NEWS

Ministries to be cut by a third

A group of 10 ministers met Wednesday to discuss a tough initiative aimed at streamlining the departments under their supervision by a third as part of a broader cost-cutting drive.

Most ministries will see their departments trimmed by between 30 and 36 percent, with all the corresponding cutbacks to personnel. The Development Ministry is to suffer the largest cuts, in the region of 46 percent, according to sources.

The meeting, chaired by Administrative Reform Minister Dimitris Reppas, was attended by Interior Minister Tassos Yiannitsis, Environment and Energy Minister Giorgos Papaconstantinou, incoming Development Minister Anna Diamantopoulou, Transport and Networks Minister Makis Voridis, Labor Minister Giorgos Koutroumanis, Health Minister Andreas Loverdos, Agricultural Development Minister Costas Skandalidis, Justice Minister Miltiadis Papaioannou and government spokesman Pantelis Kapsis, who also serves as minister of state.

The remaining ministries, covering finance, defense, foreign affairs and citizens? protection, will not be affected by the initiative.

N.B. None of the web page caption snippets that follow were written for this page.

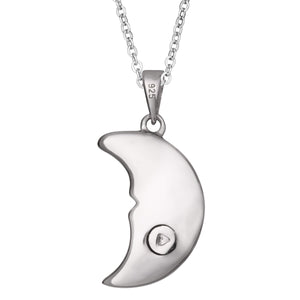 EverWith Self-fill Yellow Moon Memorial Ashes Pendant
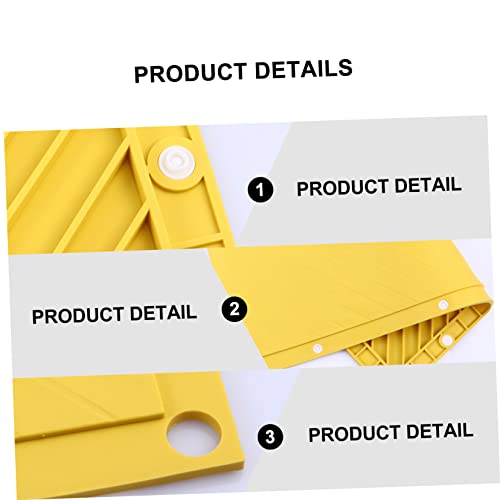 TOYANDONA 1Pc Kruipmat Vloerkleed Peuter Tapijt Kids Gewatteerde Speelkleed Oefening Vloermat Baby Mat Puzzel Oefenmat Silicagel Geel Comfortabel Tapijt Dikker Vloerkleed Baby Tapijt - Afbeelding 6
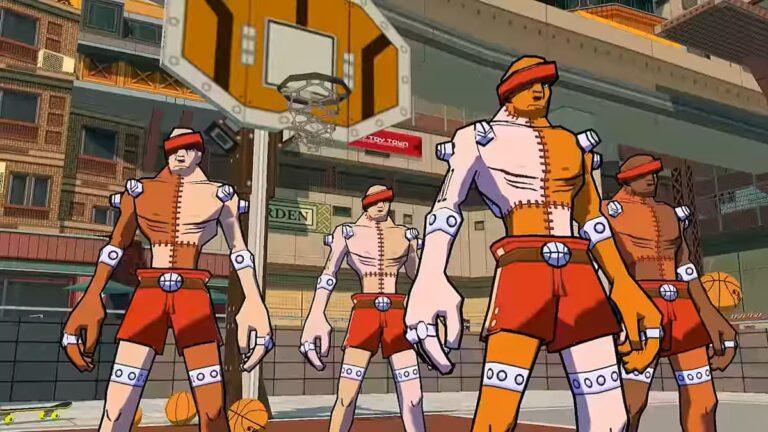 Four Characters in Bomb Rush Cyberfunk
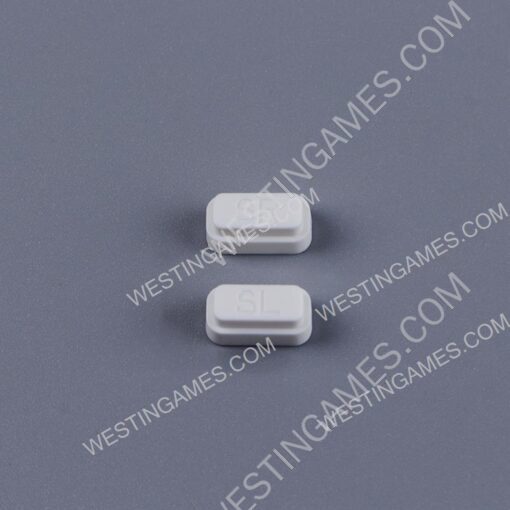 Replacmenet SL SR Plastic Button Set for Switch Joycon - White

According to sources, it was agreed that a draft bill outlining the new, leaner structure of the various ministries would be submitted to Parliament before early general elections, which are expected to take place in late April or early May.

Ministry departments that are not absolutely crucial will be evaluated according to strict cost-benefit criteria while units comprising just two or three employees will be abolished or merged with other departments, sources revealed.

The overhaul is expected to lead to wide-scale redundancies, as any positions deemed to be surplus in the evaluation process are expected to be cut.

It remained unclear Wednesday just how many jobs were on the line. But sources indicated that hundreds of department managers will be demoted if their units cease to exist.

It appears that there is a lot of fat to cut. In the case of the Education Ministry alone, some 1,000 departments and units are said to have been created since the mid-1970s.